What is needed – Reproduce every record below word for word and include no pictures.

Recorded information below:

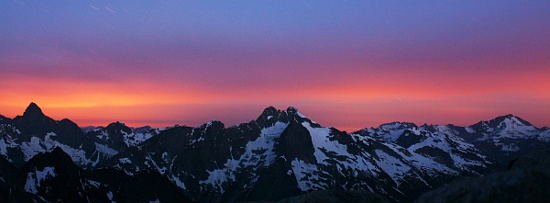 Red dawn over Mount Despair from the Southern Picket Range.  Photo © Steph Abegg.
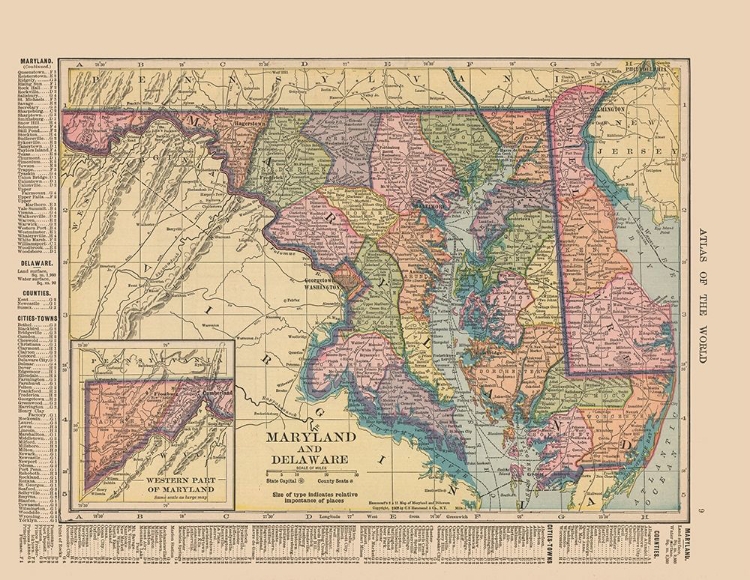 Picture of MARYLAND,  DELAWARE - HAMMOND 1910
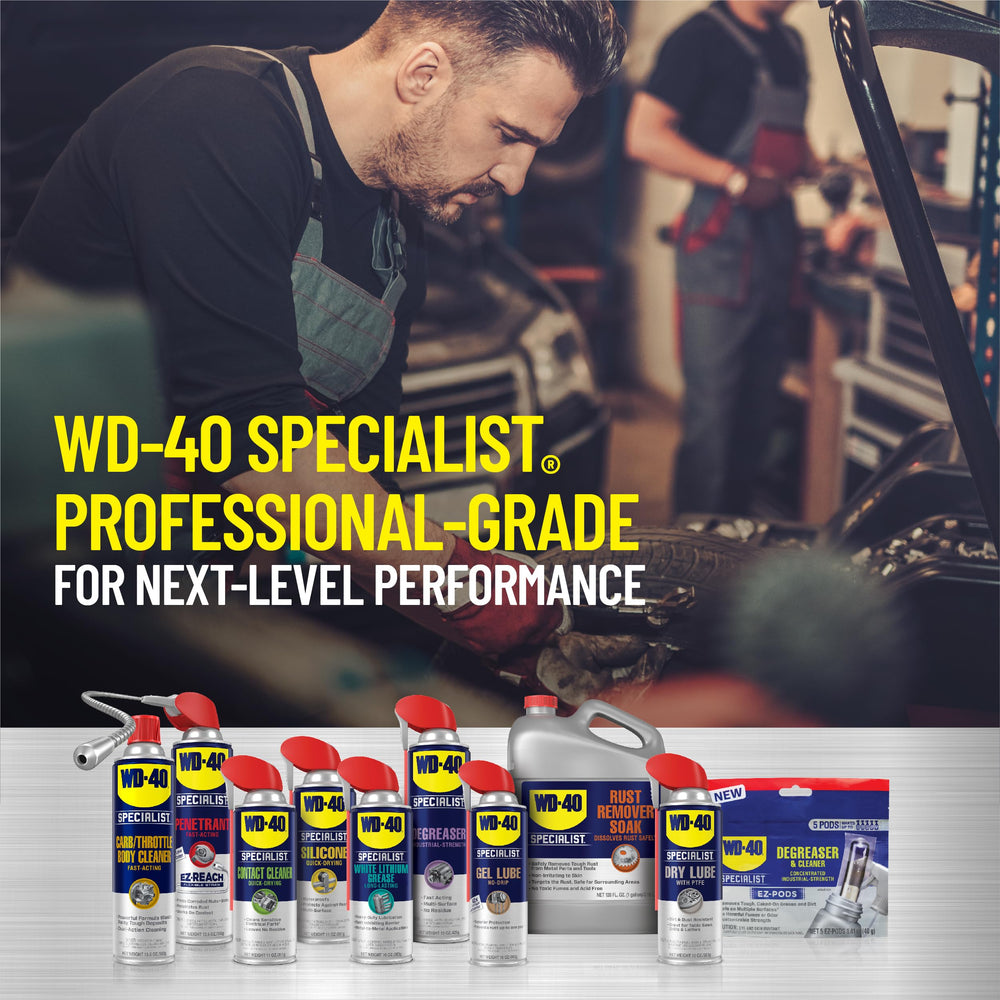 WD-40 Specialist product label with NSF and VOC compliance details visible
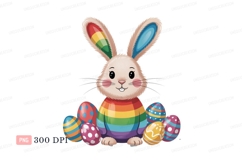 Rainbow bunny with painted eggs rabbit easter Product Image 1
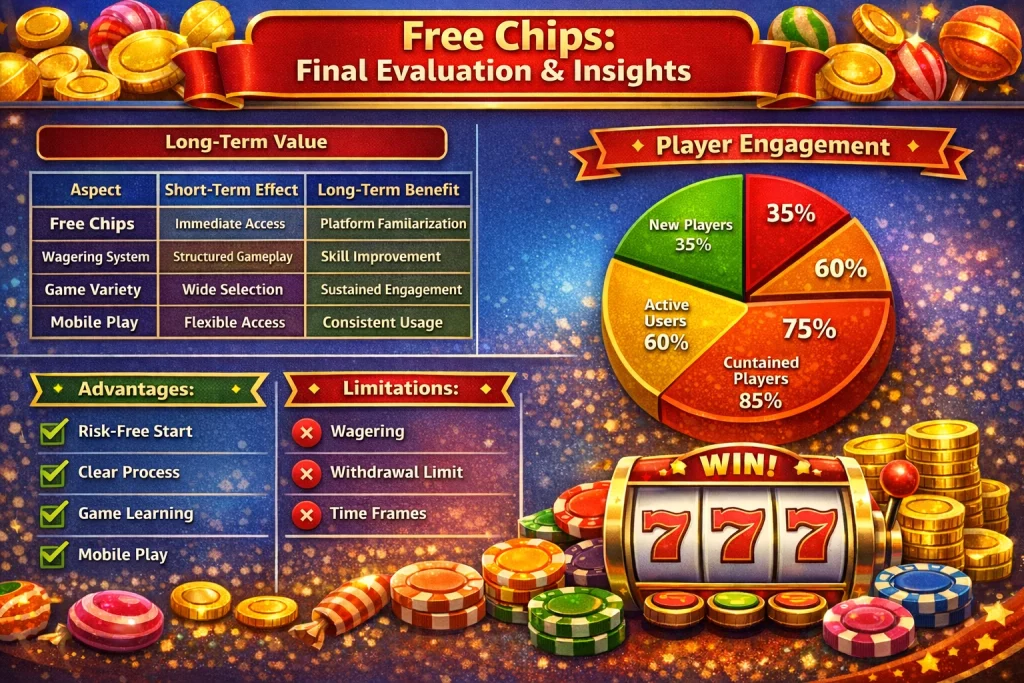 Free Chips final evaluation infographic with casino elements, charts, and table showing advantages, limitations, and player engagement statistics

End of Recorded information.

Answer to this problem –
 Red dawn over Mount Despair from the Southern Picket Range.  Photo © Steph Abegg.
 Picture of MARYLAND,  DELAWARE - HAMMOND 1910
 WD-40 Specialist product label with NSF and VOC compliance details visible
 Rainbow bunny with painted eggs rabbit easter Product Image 1
 Free Chips final evaluation infographic with casino elements, charts, and table showing advantages, limitations, and player engagement statistics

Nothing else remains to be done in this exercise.